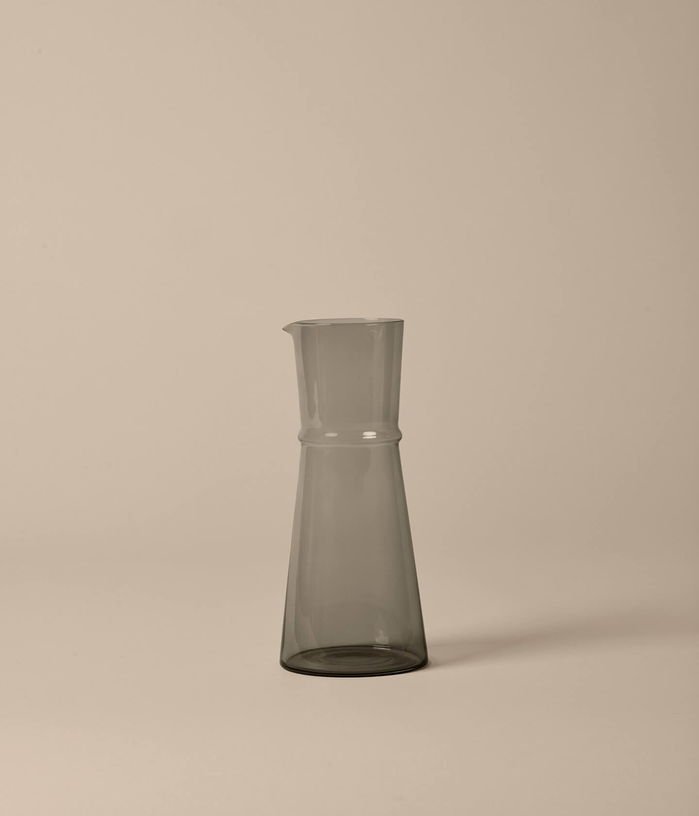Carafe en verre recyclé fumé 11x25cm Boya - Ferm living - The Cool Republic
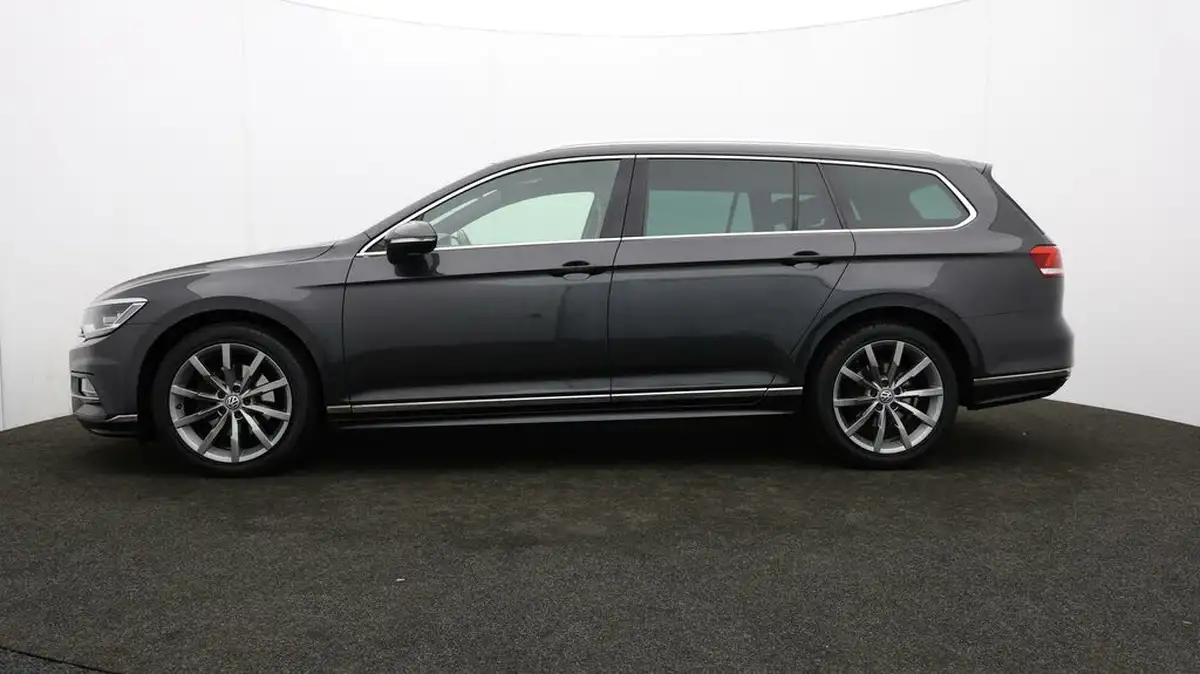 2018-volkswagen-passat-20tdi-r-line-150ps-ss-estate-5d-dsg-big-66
++++++
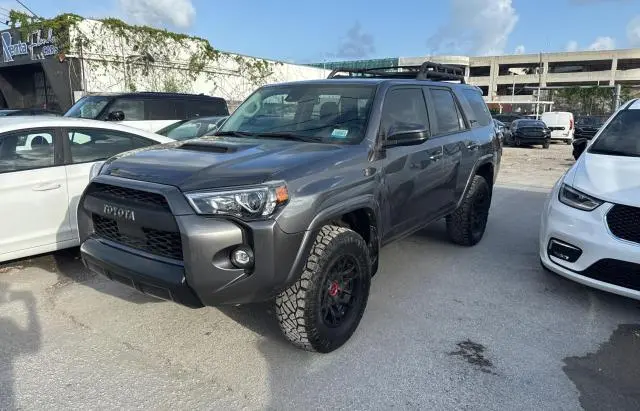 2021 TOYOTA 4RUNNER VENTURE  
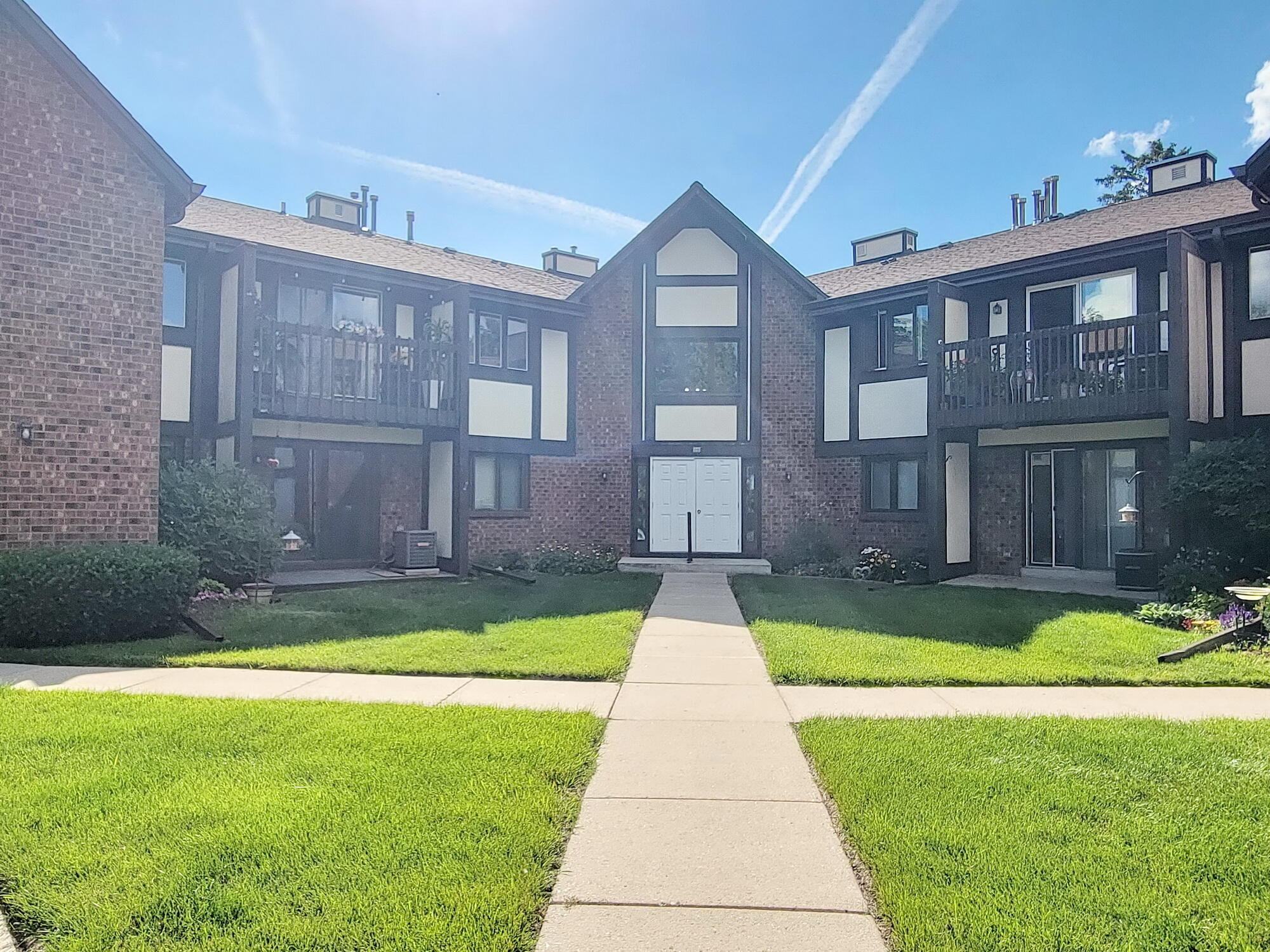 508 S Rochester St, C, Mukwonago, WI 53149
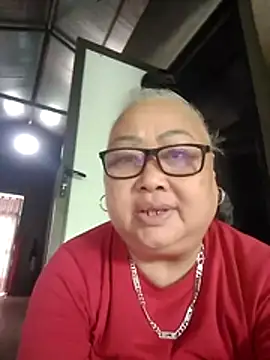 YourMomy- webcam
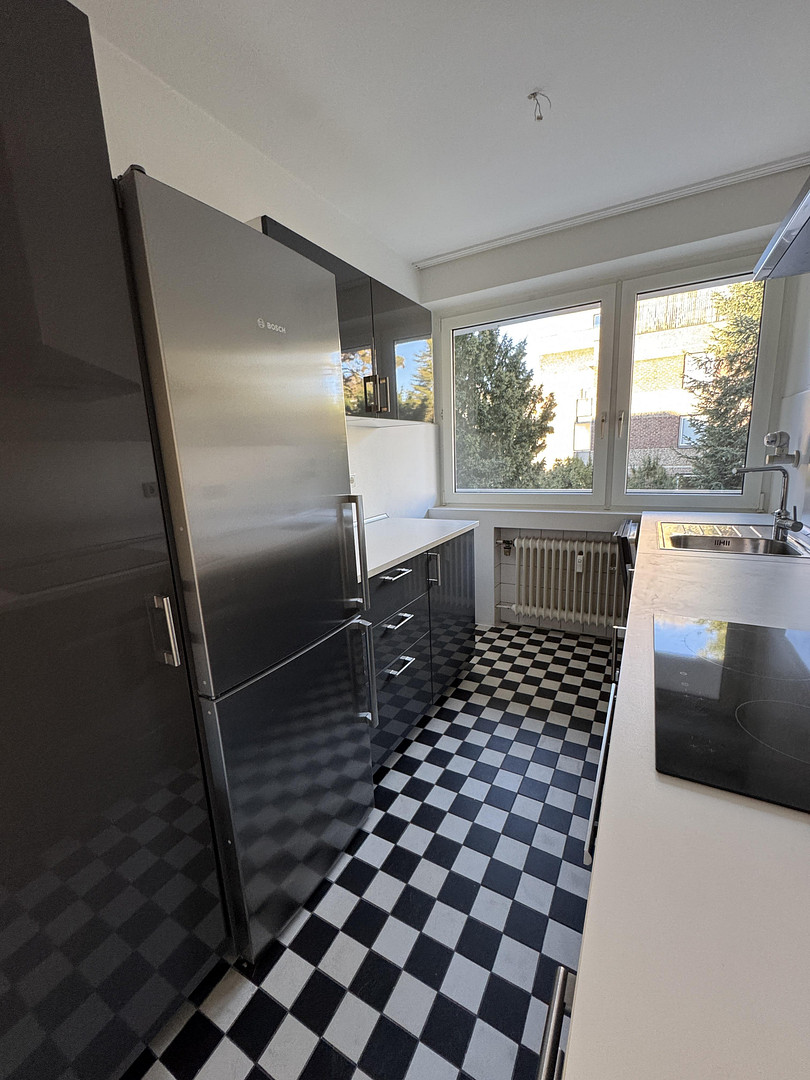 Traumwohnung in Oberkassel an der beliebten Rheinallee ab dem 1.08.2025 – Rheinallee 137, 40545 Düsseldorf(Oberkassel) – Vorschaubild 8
++++++
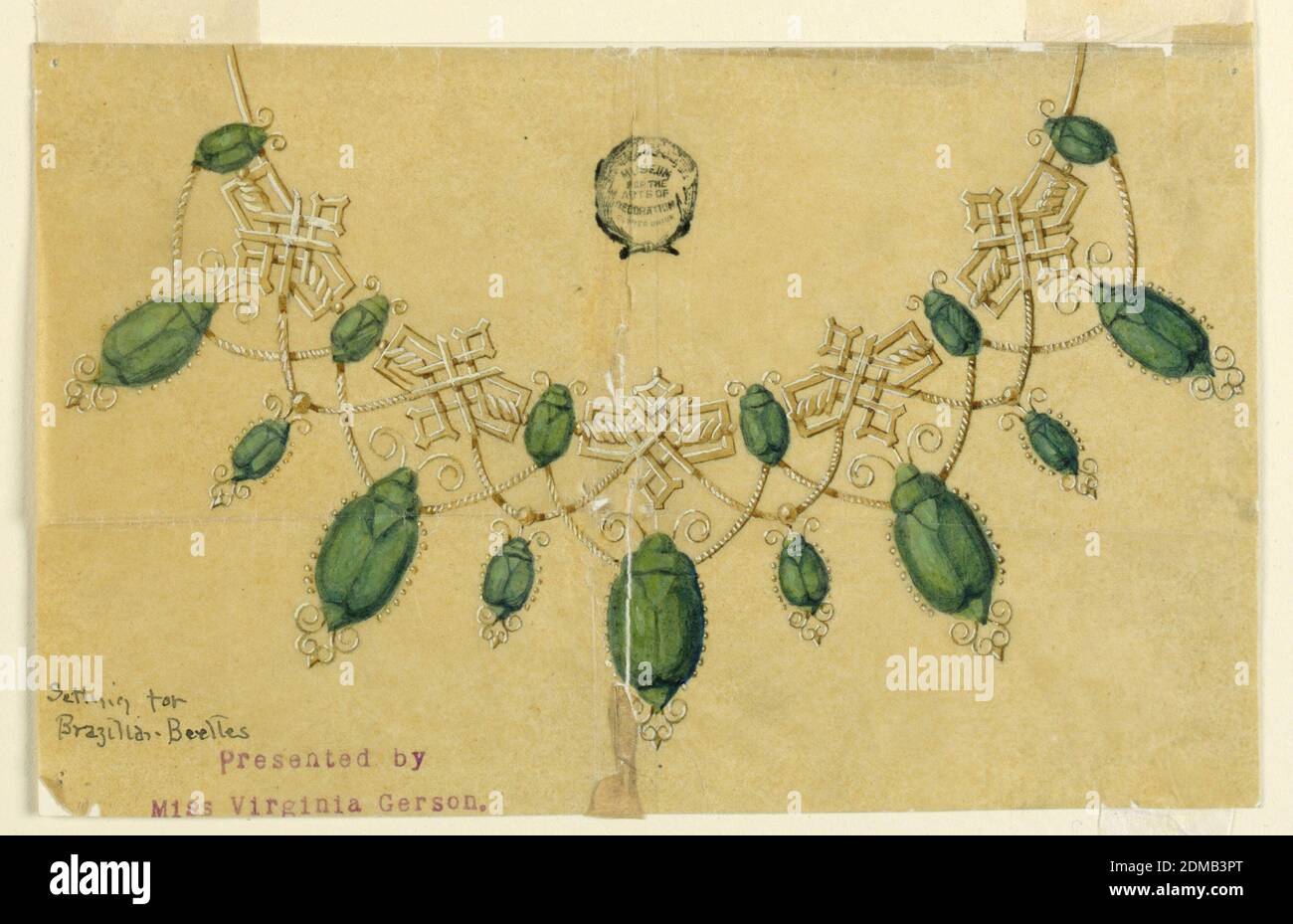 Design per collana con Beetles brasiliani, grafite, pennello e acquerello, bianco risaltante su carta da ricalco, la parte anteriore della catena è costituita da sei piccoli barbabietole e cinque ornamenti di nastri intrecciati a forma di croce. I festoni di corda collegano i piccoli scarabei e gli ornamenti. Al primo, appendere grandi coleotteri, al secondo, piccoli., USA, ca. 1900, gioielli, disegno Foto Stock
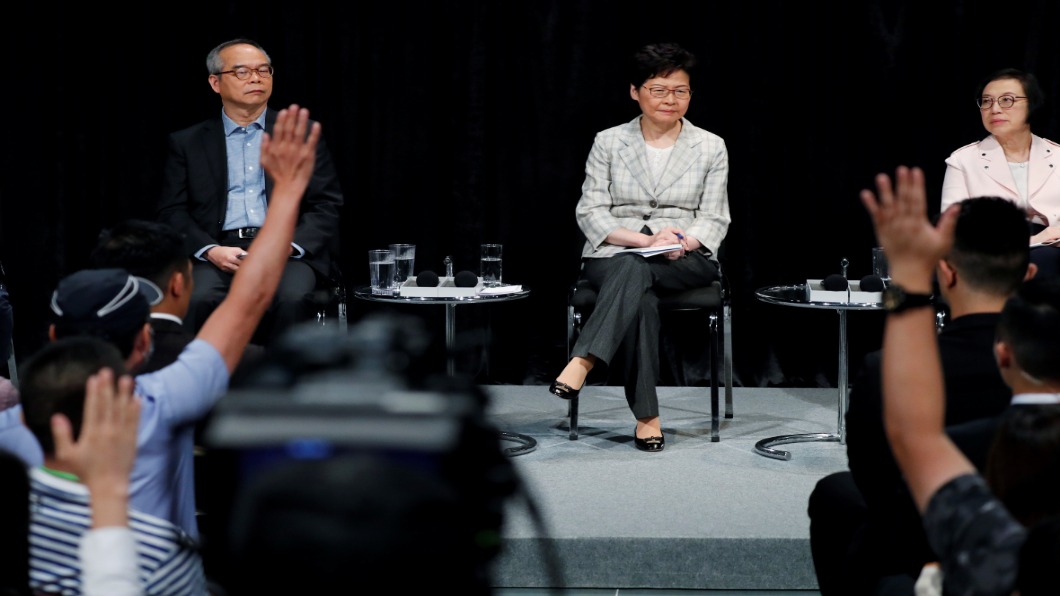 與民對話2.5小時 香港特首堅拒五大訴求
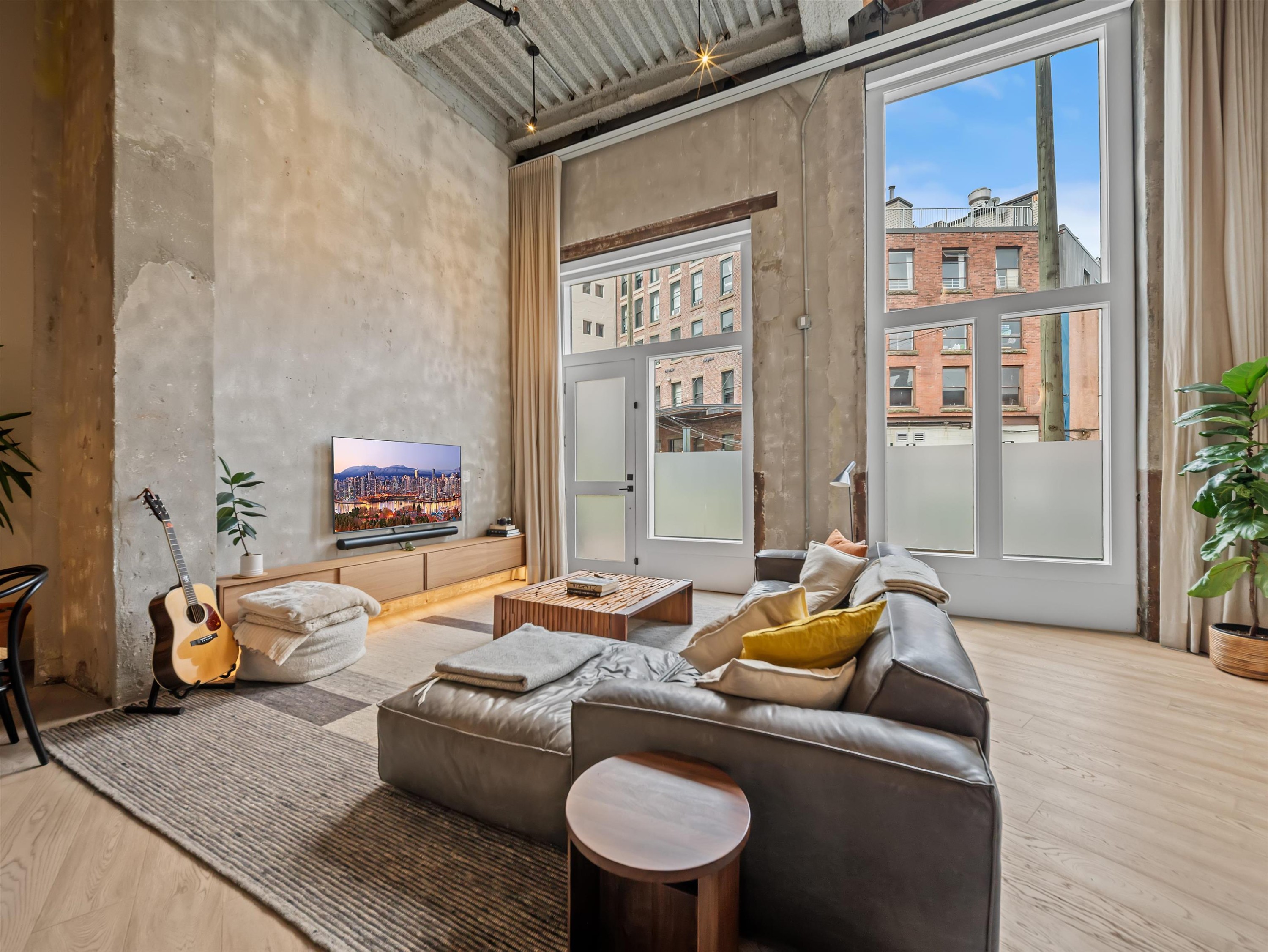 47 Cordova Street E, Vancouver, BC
++++++
Look above for the line with "與民對話2.5小時 香港特首堅拒五大訴求" and the line with "47 Cordova Street E, Vancouver, BC", then restate exactly those two lines and all lines between them, with no pictures.

 與民對話2.5小時 香港特首堅拒五大訴求
 47 Cordova Street E, Vancouver, BC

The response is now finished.